We hypothesised the residual error (ε ijk ) may differ between non-accelerated scans and accelerated scans, as this represents the measurement error introduced in making the direct BSI measurement of atrophy. It was assumed that all other variance components, such as between subject heterogeneity in their atrophy rates could not be plausibly influenced by the scan type. Therefore, in order to test for differences in variance between accelerated and non-accelerated scans we used the likelihood ratio test on nested models, differing only in that one model specified with common residual variance (ε ijk ) and one model had separate residual variances by scan type (ε a , ijk ; ε na ,ijk ).

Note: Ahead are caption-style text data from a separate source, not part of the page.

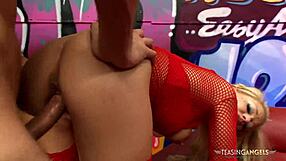 Blonde cutie doesnt need more than his hard dick, moaning in doggystyle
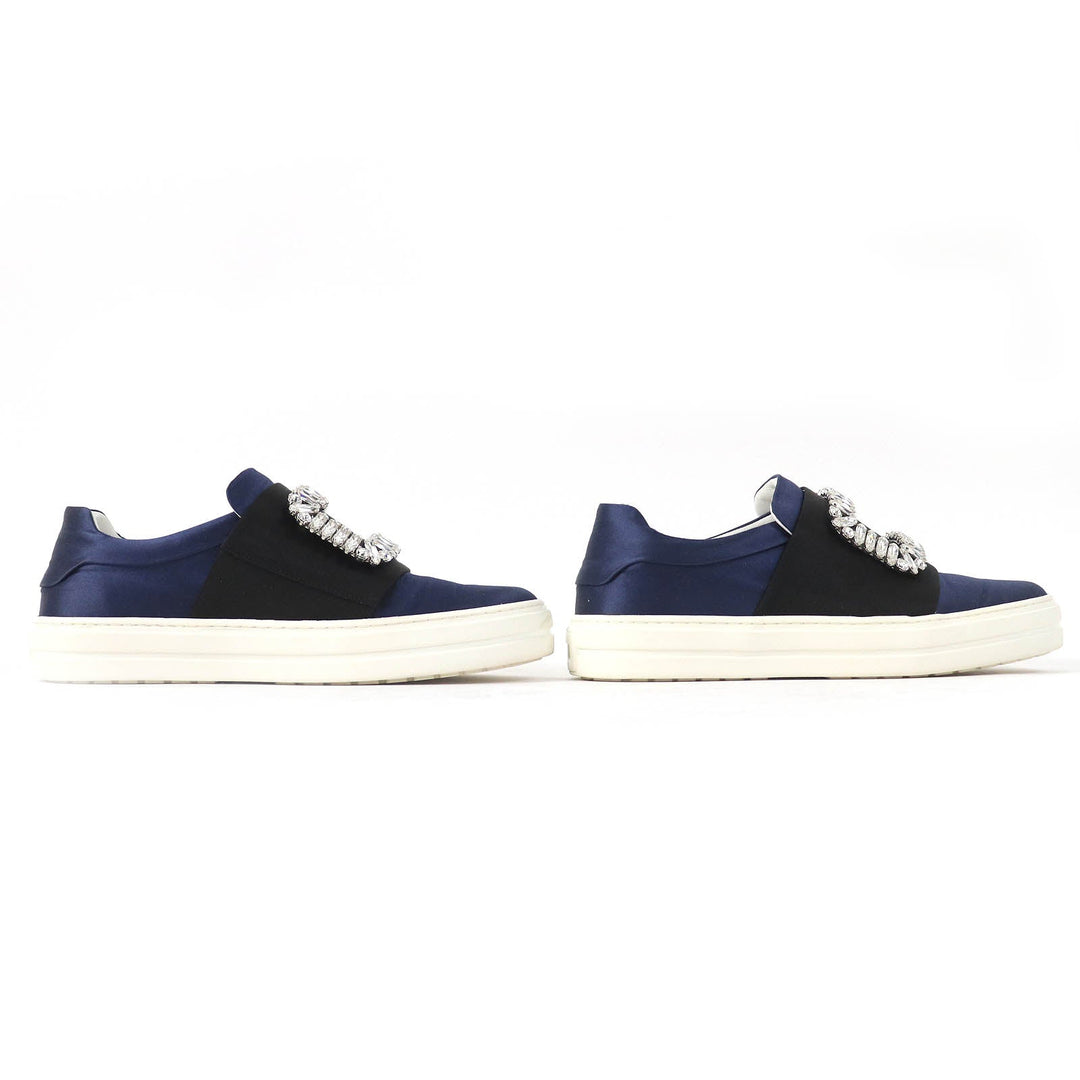 ROGERVIVIER sneakers polyester navy black white Sneaky Viv Women 35 1/2 Used Authentic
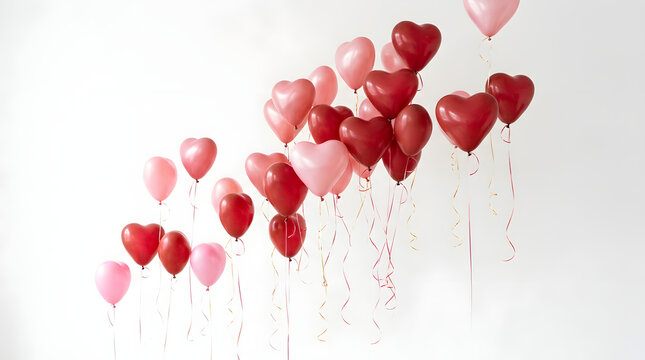 A bunch of red and pink heart-shaped balloons float in the air against a white background, creating a festive scene with Balloom decorations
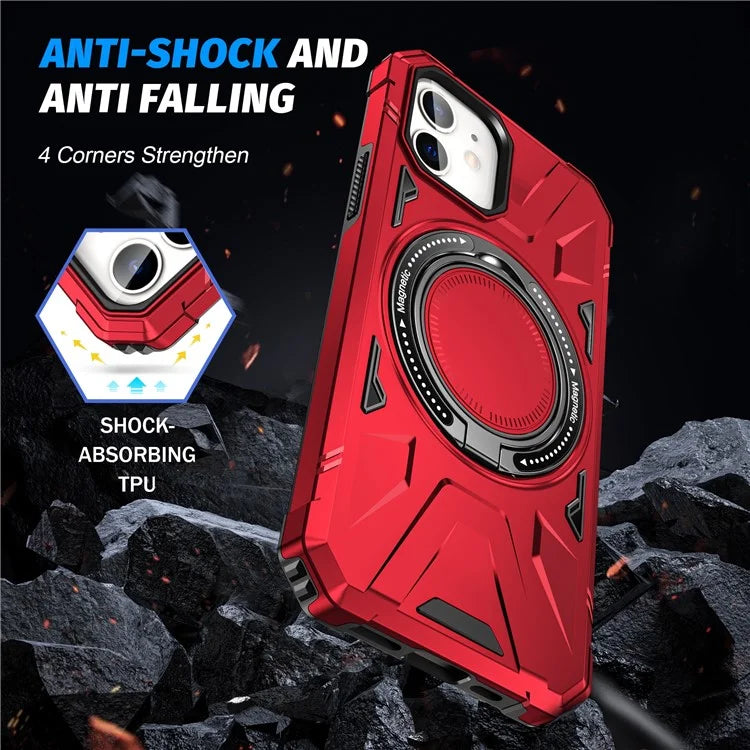 For iPhone 11 Case Anti-fall TPU+PC Kickstand Magnetic Mobile Phone Shell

Comparison of Subject Characteristics between Passed and Failed Scans
We compared baseline MMSE, age and vascular burden- white matter hyperintensity (WMH) volumes (segmented on the FLAIR scans at UC Davis using an automated technique) (DeCarli et al. 1999) in subjects with scan pairs that failed QC (where one or both of the 0–6 and 0–12 month scan pairs failed DRC QC due to motion) with those who had only passed scan pairs (either 0–6 or 0–12 months or both if available) using linear regression separately by scan type (accelerated or non-accelerated). For the MMSE score comparison we adjusted for age, gender, years of education and diagnosis. For the WMH volume comparison we adjusted for age, baseline diagnosis and head size. Since WMH volumes and MMSE scores are not normally distributed we used bootstrapping (with 2000 iterations) to calculate bias-corrected and accelerated 95% confidence intervals (CI) for both of these analyses. For the age comparison we adjusted for baseline diagnosis, as the AD subjects were older than the EMCI subjects. We also compared the proportion of subjects with cognitive impairment (EMCI, LMCI or AD) between the groups (failed vs non-failed scans) using logistic regression and calculated odds ratios.
Sample Size Estimates
We estimated sample size requirements for a clinical trial to measure a 25% reduction in whole-brain atrophy rates in accelerated and non-accelerated scans using the standard formula: sample size per arm = (u + v)2 × (σ12 + σ22)/(μ1 − μ2)2 where u = 0.84 to provide 80% power and v = 1.96 to test at the 5% level; μ and σ are the mean and SDs of rates of atrophy in the treatment and placebo groups (assumes σ1 ≈ σ2). In order to directly compare the sample size requirements using accelerated and non-accelerated scans we included all 0–6 and 0–12 month scan pairs, whether or not they failed DRC QC.
Results
Quality Control
The majority of scans failed by Mayo were failed due to non-adherence to the ADNI protocol, incomplete coverage of the brain, metal induced artefacts or pathology. Only one subject had scans failed by Mayo due to severe motion. A total of 861 subjects had baseline accelerated and non-accelerated scans available to download from LONI. Of these 840 subjects had both a baseline accelerated and non-accelerated scan that passed DRC first pass QC. See Fig. 1 for a detailed breakdown of the number of subjects at each stage of the DRC QC.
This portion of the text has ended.